I had a message from a client today who told me that she was doing something that she had not been able to do for a long time, thanks to some work that we had done together. I was thrilled for her, for changing her thinking and freeing herself from an old fear. Then she told me that she still didn’t feel confident and asked ‘How do I improve my confidence?

What a great question!

My first reaction was ‘Fake it ’til you make it’ – Let me explain.

When we start to do something new, we often don’t feel very confident about it. We are learning the rules, how it works (or doesn’t work) and what to do. As we get more accustomed to situations, we become more assured, as we feel like we understand what is expected from us and how we will deal with things if they go wrong. We know the script.

When we ‘Fake it’, we create the illusion of confidence. Part of the illusion we create is our body language.
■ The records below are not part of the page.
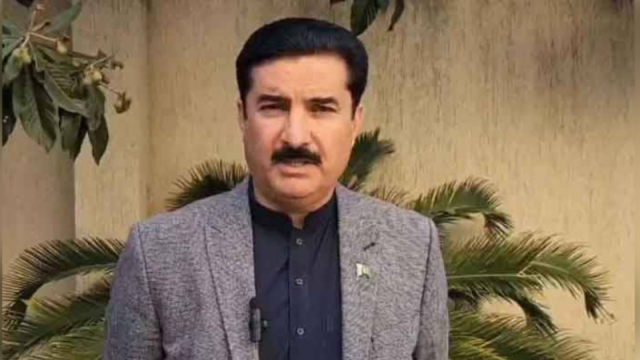 گورنر خیبرپختونخوا کی علی امین گنڈا پور پر سخت تنقید، اپوزیشن کا ہنگامی اجلاس طلب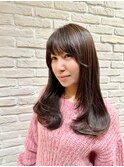 クラシカルなふんわりフェミニンロングヘア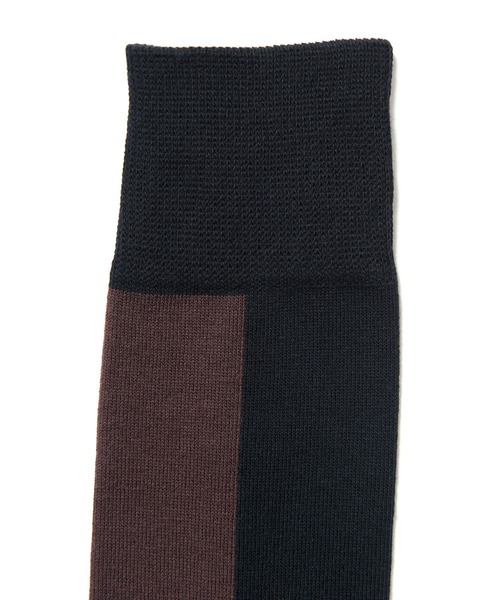 SOPHNET.（ソフネット）の「2TONE SOCKS（ソックス/靴下・メンズ・ブラック/グリーン/イエロー・MEDIUM/LARGE）」の4枚目の写真
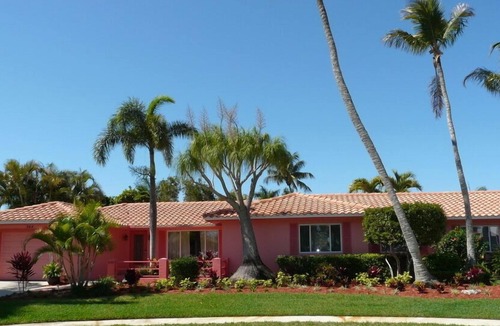Marco Island House | Boater’s getaway w/ direct access to the Gulf of Mexico & hot tub
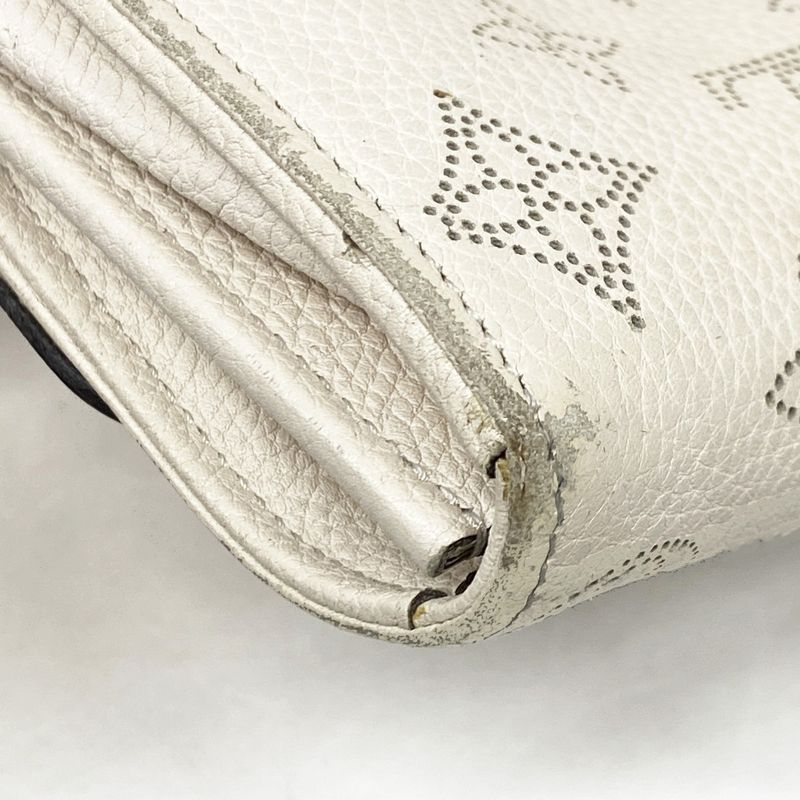 Louis Vuitton Long Wallet Mahina Portefeuille Mahina Iris M60177 Ivoire Ladies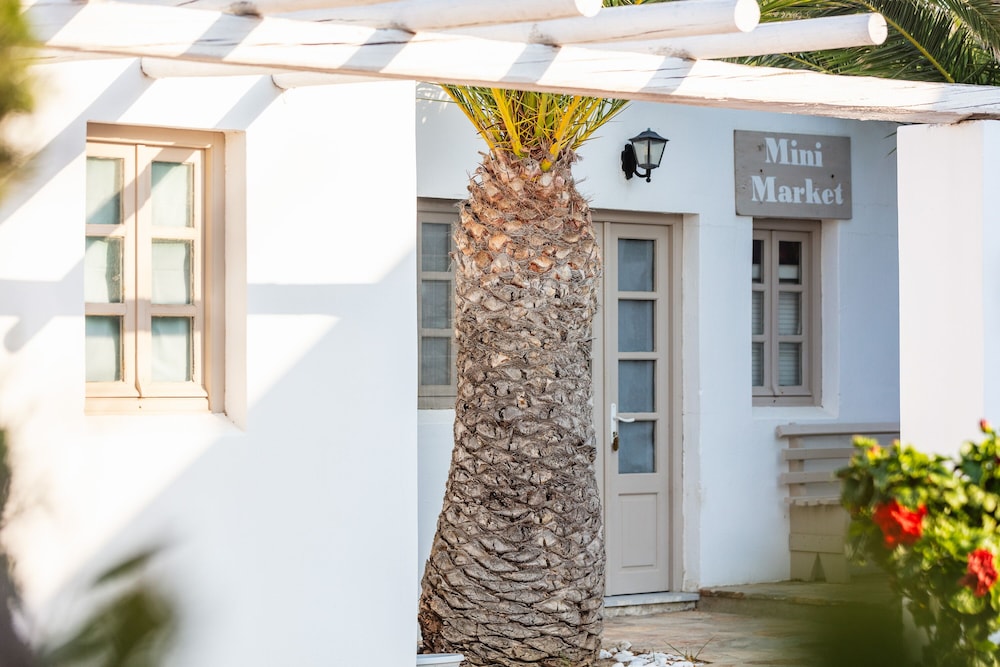 Kavuras Village Hotel & Suites in Stelida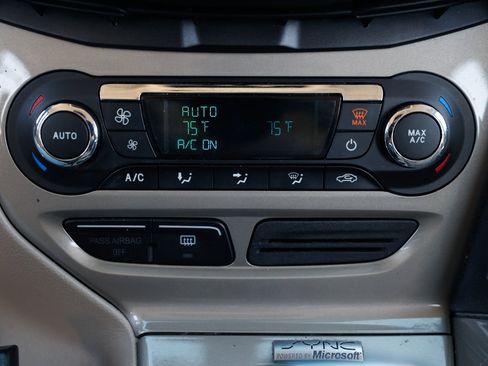 Used 2012 Ford Focus SEL image 30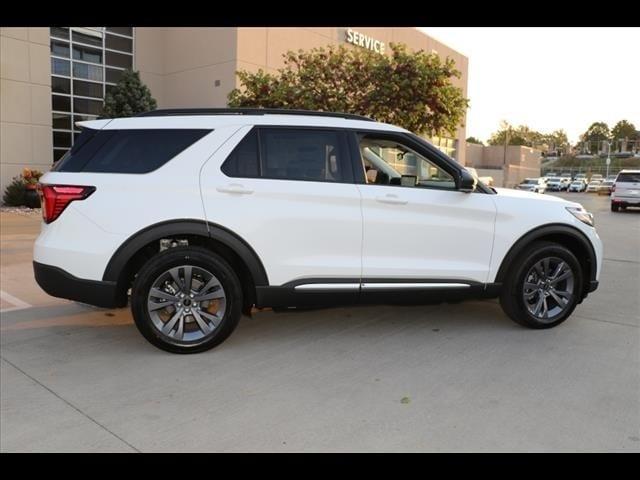 new 2025 Ford Explorer car, priced at $49,595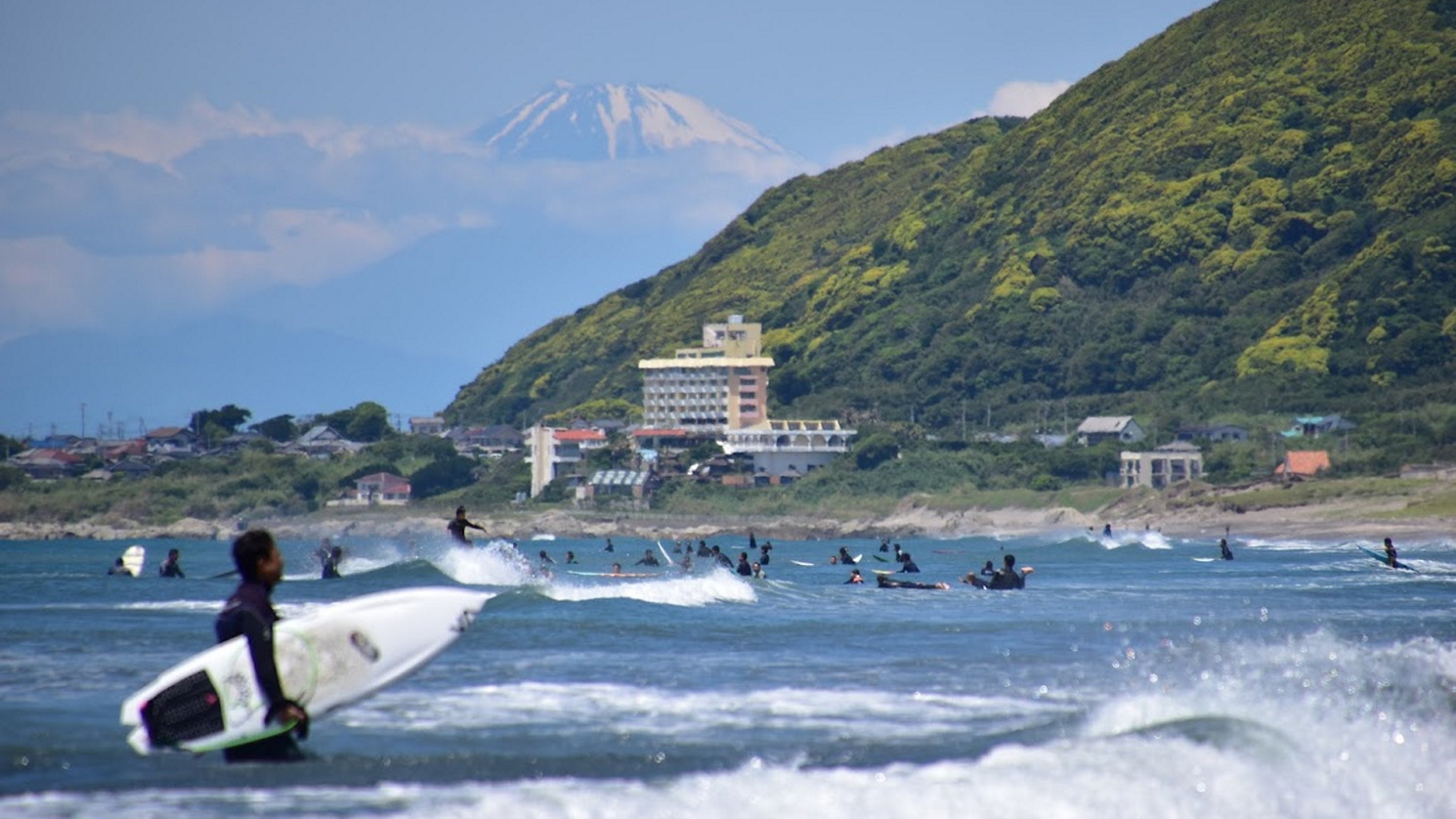 【平砂浦海岸】6キロメートルも続く弓なりな砂浜でマリンスポーツも盛んです。（当館より車で約15分）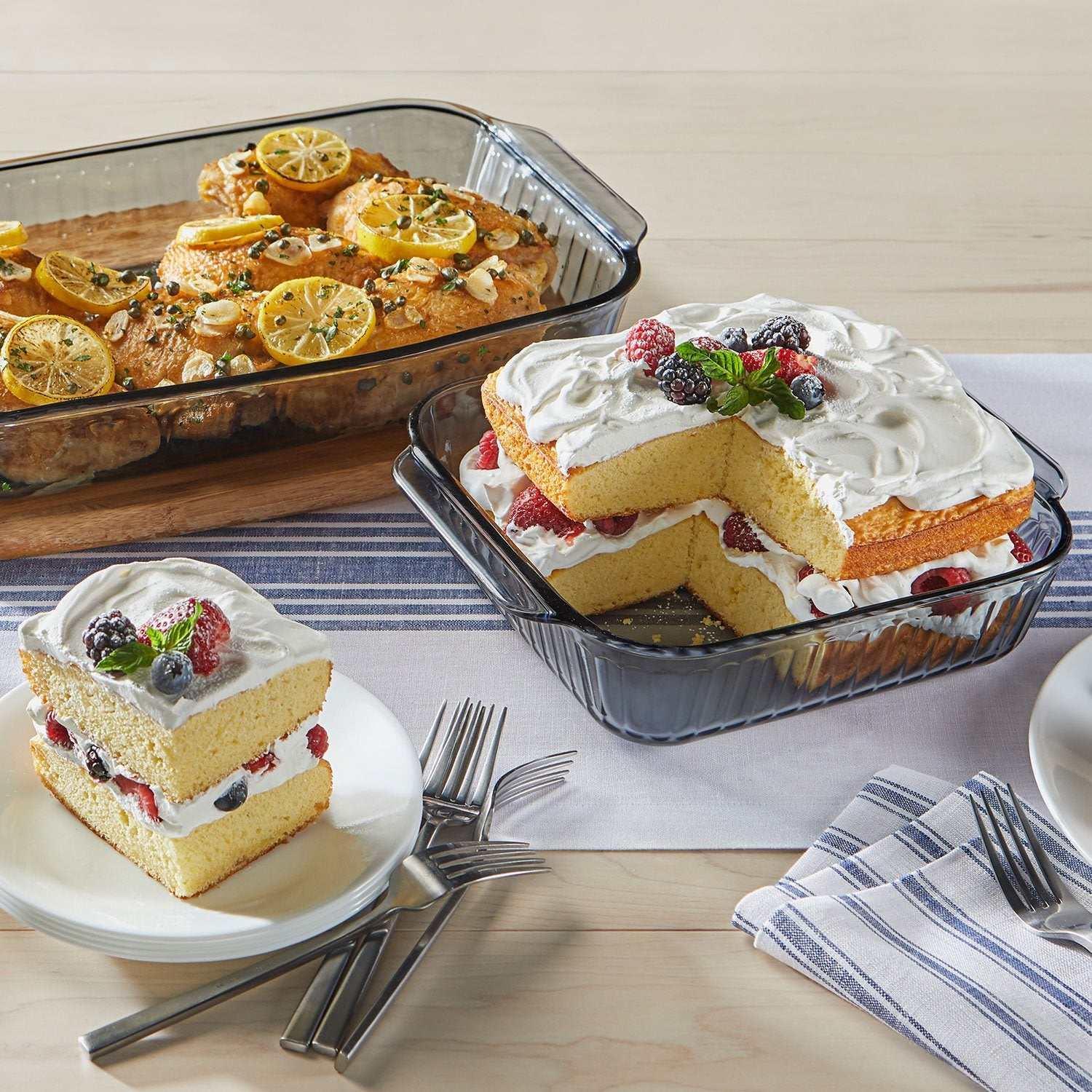 Pyrex Sculpted Tinted 4-Piece Glass Baking Dish Set with Airtight Lids - Image 6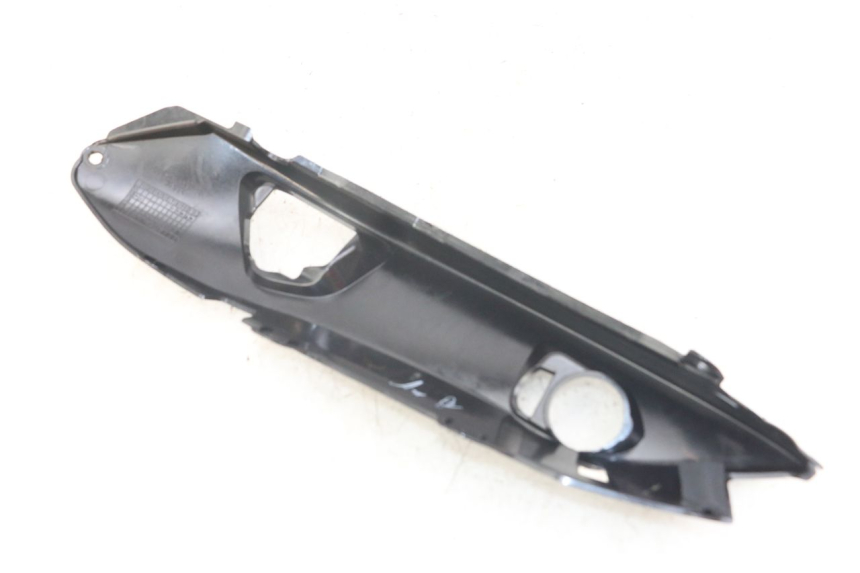 photo de PRAWY TYLNY BOK KAWASAKI ER-6 ER6 N 650 (2012 - 2016) - Zbliżenie techniczne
Here’s a little exercise for you.

Stand up and fake (or act) being nervous or anxious. Notice the shape of your body. Are your shoulders back or hunched over? Is your head up or are you looking down? If you step forward to you take a large or small step? How’s your breathing?

Now, change it up and fake being confident. Notice the same things about your body?

How does each make you feel? How would other people react to the body language you are portraying?

I want to look at each of these separately – first, how does it make you feel?

Our minds and our bodies are in a constant state of biofeedback. That means that what we think affects our body and what our body does, affects what we think. When you get scared about something it affects your body – your heart rate increases, you breath more shallowly and faster and you get butterflies in your stomach. Weirdly, if you create these sensations in your body artificially, say through drug use, you can create anxiety. One affects the other. So, by creating the sort of body language a confident person would demonstrate, we can give our thoughts a confidence boost.

Secondly, how do people react to you? Most people will take you at face value. If you look confident they will assume that you are confident. They will then infer that you are confident because you are a strong capable person who knows how to handle themselves.  If you look anxious they will assume you are anxious and that you have a reason to be anxious. They will treat you accordingly. If they are a kind and generous person they may offer to help you. If they are a bully or an aggressor they may see you as a potential victim. We then receive the feedback from the people around us and that in turn affects our own feelings. If you are constantly being bullied it will impact on your self-confidence in a negative way, just as if you are always the one who people turn to it in a crisis, you will feel your self confidence improve.

Another way you can work on confidence is to understand your own feelings and emotions better. Mindfulness techniques can be incredibly powerful tools to do this.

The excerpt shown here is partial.